Estate and gift tax changes. In 2012 there was concern that the estate and gift tax exemption, which was then $5.12 million, would be reduced and, therefore, the opportunity to make gifts up to $5.12 million would be lost. As a result, substantial gifting occurred by taxpayers near the end of 2012. In fact, the gift tax exemption actually increased. Today the gift and estate tax exemption is $11.58 million per individual, or $23.16 million for a married couple. Currently the exemption is inflation adjusted each year. Under the current law, the exemption reduces to approximately $6 million beginning January 1, 2026.
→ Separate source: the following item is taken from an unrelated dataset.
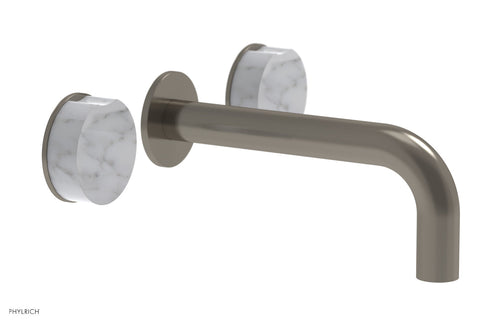 Phylrich CIRC - Wall Tub Set - Marble Handles 250-58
There is again concern that the estate and gift tax exemption will be reduced. The consensus opinion is that a Biden administration will attempt to substantially reduce the exemption and increase the rate of tax from 40% to 45%. In fact, Biden proposed reducing the exemption to $3.5 million per individual and eliminating the adjustment in the tax basis of assets to fair market value that currently exists at death.
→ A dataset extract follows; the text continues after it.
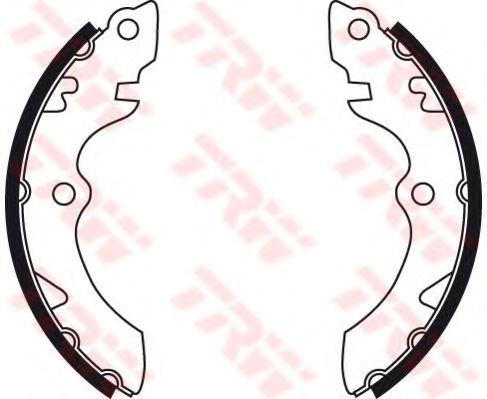 Тормозные колодки барабанные TRW GS8735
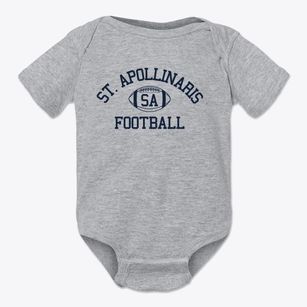 Saint Apollinaris School Classic Football Baby Onesie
In addition to traditional gifting (outright or in trust), another alternative to utilize the exemption now is the transfer of assets in trust of up to $11.58 million from one spouse (Donor Spouse) to the other (Donee Spouse). This type of trust is called a spousal limited access trust (“SLAT”). The terms of the trust could be, for example, as follows:
Trustee: Donee Spouse is the sole trustee.
- Donee Spouse has discretion to distribute to himself or herself the income and principal of the trust for health, maintenance and support.
- Donee Spouse’s interest in the trust terminates either upon divorce or upon death and the interest in the trust then passes in trust for the benefit of children or others.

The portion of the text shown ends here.